#review “Return of the Devil in the Details: Delving Deep into Convolutional Nets”

In this paper, the authors intend to compare deep features extracted from different CNN methods to the previously state-of-art shallow features, or the handcraft features, such as Bag-of-Words and the improved Fisher Vectors. The authors evaluate shallow and deep representations on a common ground of object recognition tasks.


Some key take-aways:

  1. As for the shallow feature implementation, it seems that using spatially extended local descriptors instead of spatially pyramid and appending color features (Local Color Statistics) to the SIFT features give better result.
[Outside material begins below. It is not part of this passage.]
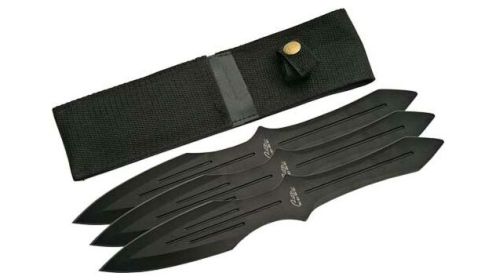 SZCO RITE EDGE 9.75" THROWING KNIFE BLACK 3PC SET W/SHEATH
However, the improvement by using color features is small if data augmentation is applied.
  2. L2 normalization is important for both FV and deep features before applying SVM method for classification.
  3. Augmentation works for both shallow feature and deep feature. (Cropping and flipping)
  4. Combining deep feature and IFV makes little difference as the authors tested.
  5. Deep features outperforms shallow features in terms of computational time and feature dimension.


Related papers:

  1. “Fisher Vectors Meet Neural Networks: A Hybrid Classification Architecture” CVPR15
  2. “A practical guide to CNNs and Fisher Vectors for image instance retrieval” arXiv
  3. “Food Image Recognition with Deep Convolutional Features”